Sprites can be freely introduced into !Draw windows and used to illustrate or decorate pages. You simply drag the sprite's icon into the !Draw window. Once in !Draw it can be moved and scaled using the "Select" facility. It can also be mirror-imaged or inverted but not rotated.

There are, however, two factors that you must consider when using sprites in 'Draw documents. Firstly, they can use up a considerable amount of memory, especially if they were created in a multi-colour screen mode such as Mode 20 or Mode 12. Add two or three average- size multi-colour sprites to a page of A4 and on a one megabyte machine you may well find yourself running out of memory. If you are creating your own sprites, it helps if you create them in one of the less demanding screen modes. If your sprite needs only two colours, if it is a black and white line drawing for instance, create it in Mode 18 or Mode 0 rather than Mode 20 or Mode 12.

Secondly, printers reproduce sprites rather differently from text and drawings. Sprites are screendumped. This means that each pixel in the sprite (or perhaps each group of pixels if it has been scaled downwards) is converted to a pattern of dots on the paper that represents its colour. The printer, in fact, attempts to create a "screened" version in much the same way that professional printing companies reduce a half tone to a pattern of dots of varying size. If you are fortunate enough to have a printer capable of 300 dots per inch resolution, this screening process results in half tones that resemble coarse-screened newspaper half tones. On a 9-pin dot-matrix printer, the quality of reproduction of half tones is really not adequate for reproduction, unless you subsequently reduce the size of the illustration on a photocopier.

Sources of sprites

There are many sources of sprite graphics. If you save a screen using the "SCREENSAVE command, the resulting file is a sprite which can be edited in 'Paint. This facility is useful as it allows you to import whole screens, or parts of screens, from other software. For example, I once illustrated an article on music using lines of musical notation culled from 'Maestro by saving the screen, loading the resulting file into .'Paint, editing out the staves I wanted and saving them for later reloading as sprites into !Draw. (The musical symbols, however, looked crude in contrast with the surrounding text. Better looking musical notation can be obtained using path-object musical symbols for this purpose.

Scanners and Video Digitisers

You can convert existing drawings, paintings and even half-tones such as photographs into sprites using one of the many hand scanners now available. With a little practice these can give excellent results. If you reproduce an illustration from another publication, however, you could be infringing the originator's copyright. Always obtain permission first.

By means of a video digitiser you can convert TV pictures from videotapes or video discs to sprites. Again, if you plan to reproduce the resulting sprites, be careful about copyright!

Clip Art

Some software distributors offer collections of sprites as "Clip art". These may include half tones, drawings, diagrams, notices or logos.
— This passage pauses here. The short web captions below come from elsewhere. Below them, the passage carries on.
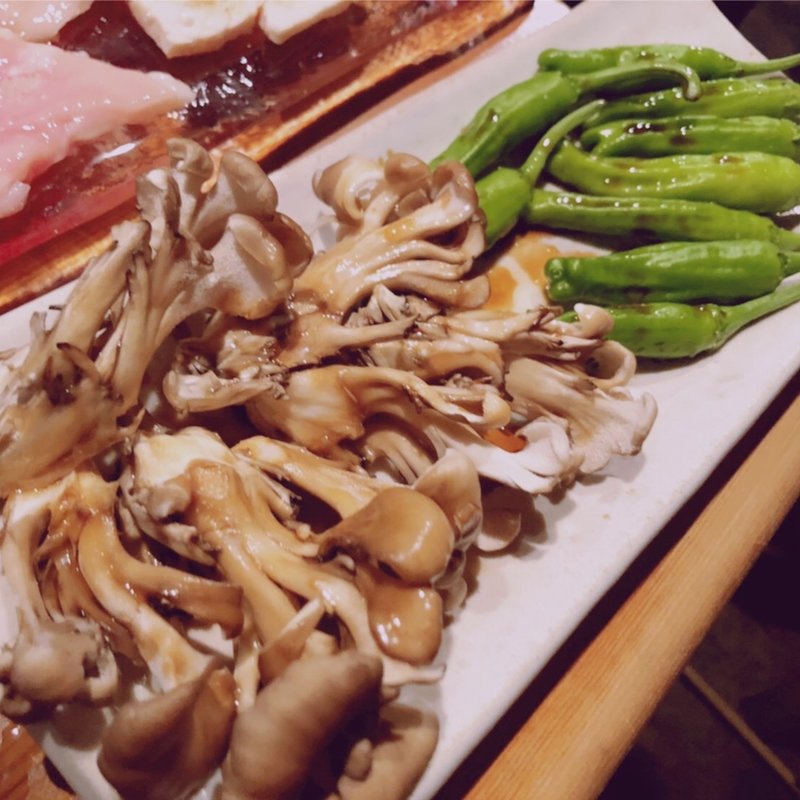 まいたけとししとう(小野田商店(オノダショウテン))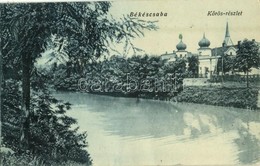 T2/T3 1923 Békéscsaba, Körös-parti Részlet. Kiadja Belenta Albert (EK) - Sin Clasificación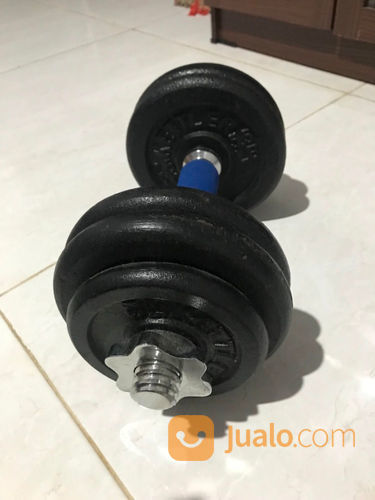 Kettler Dumbell Plat Besi Set 15kg | Kab. Badung | Jualo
The software distributor supplies them for the express purpose of assisting the user to illustrate or decorate the documents he is producing with the aid of his computer system. Hence the purchase of the clip art of necessity includes the right to reproduce the sprites ad lib on paper without acknowledgement. It does not, however, include the right to distribute the software to a third party unless permission is given first.

There is also some clip art available in the form of path objects. The designs are generally simpler than those supplied as sprites, although some are remarkably sophisticated.

Sprite attributes and sprite files

Each sprite is stored as a block of data which contains, besides the colours of the pixels, other vital pieces of information about the sprite. These are called the sprite attributes. Each sprite has its own name which follows the conventions for filenames, eg up to 10 letters long. The sprite name will probably have little significance in DTP except as a means of identifying the sprite. Each sprite also carries its width and height (in pixels) and the screen mode in which it was created, since this affects the shape of the pixels used and therefore the proportions of the sprite.

Optionally, a palette may be saved with the sprite. This allows the sprite to use specially created colours and to ensure that, wherever possible, it is subsequently displayed in these colours.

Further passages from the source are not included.